**Given material**

• • • • •

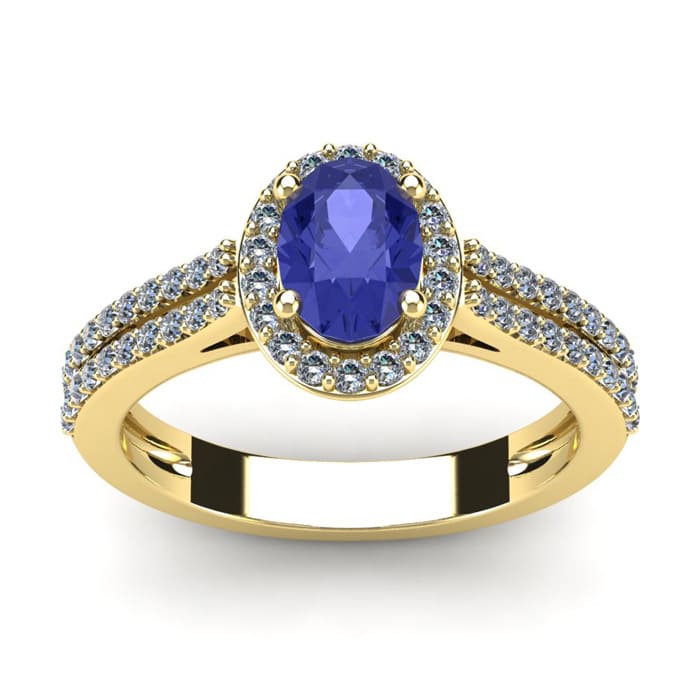 1 1/3 Carat Oval Shape Tanzanite and Halo Diamond Ring In 14 Karat Yellow Gold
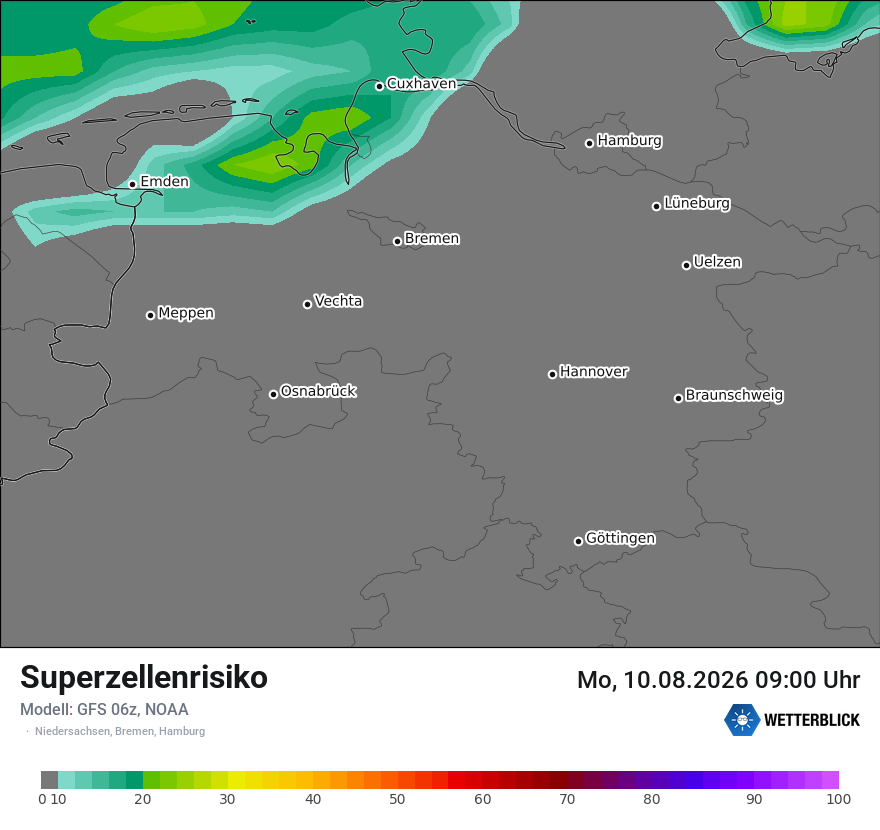 Modellkarte GFS – superzellenrisiko – ni
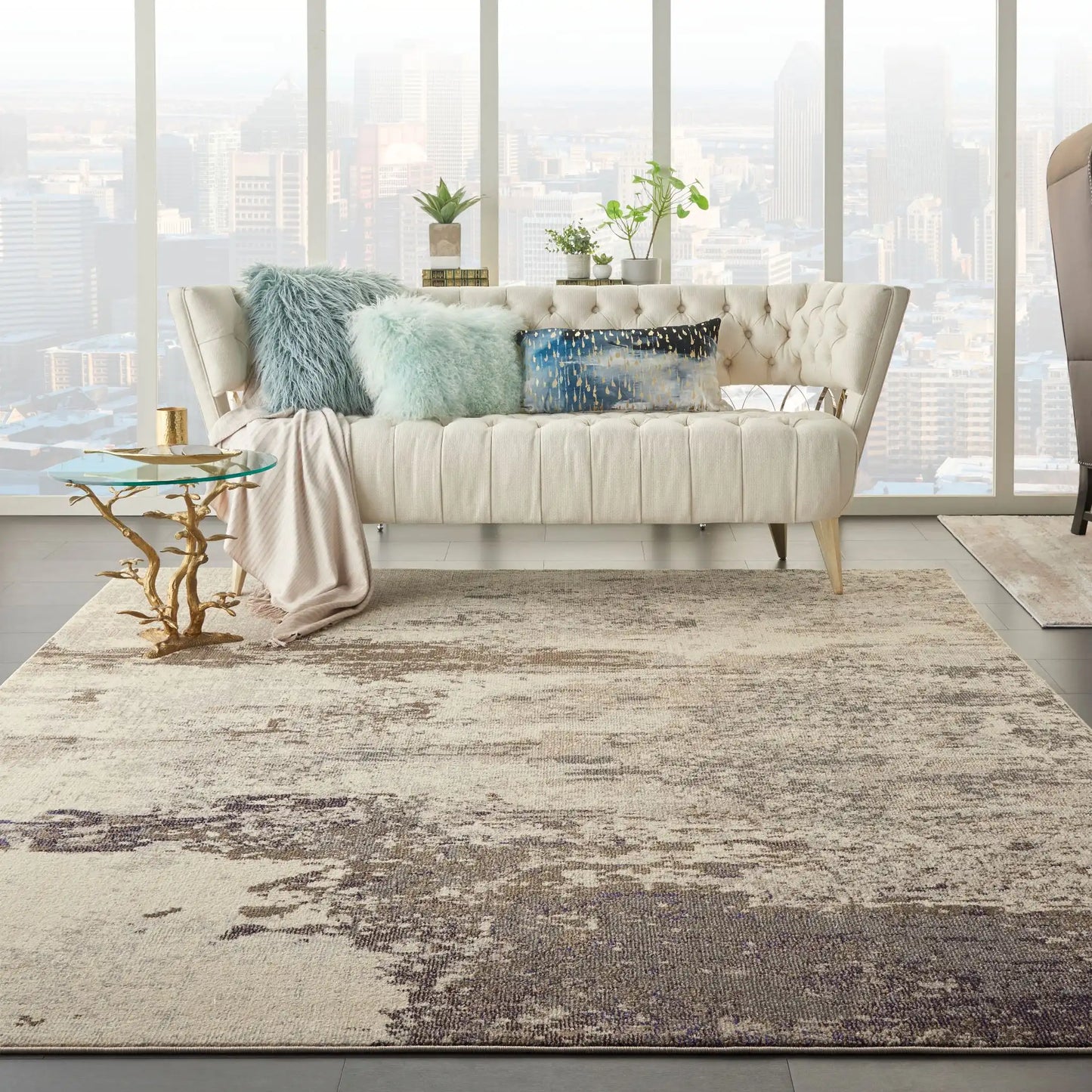 Celestial CES02 Ivory Grey Rug RS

• • • • •

**What you are asked to do**
The response should restate the material above word for word and contain no pictures.

**Exercise output**
 1 1/3 Carat Oval Shape Tanzanite and Halo Diamond Ring In 14 Karat Yellow Gold
 Modellkarte GFS – superzellenrisiko – ni
 Celestial CES02 Ivory Grey Rug RS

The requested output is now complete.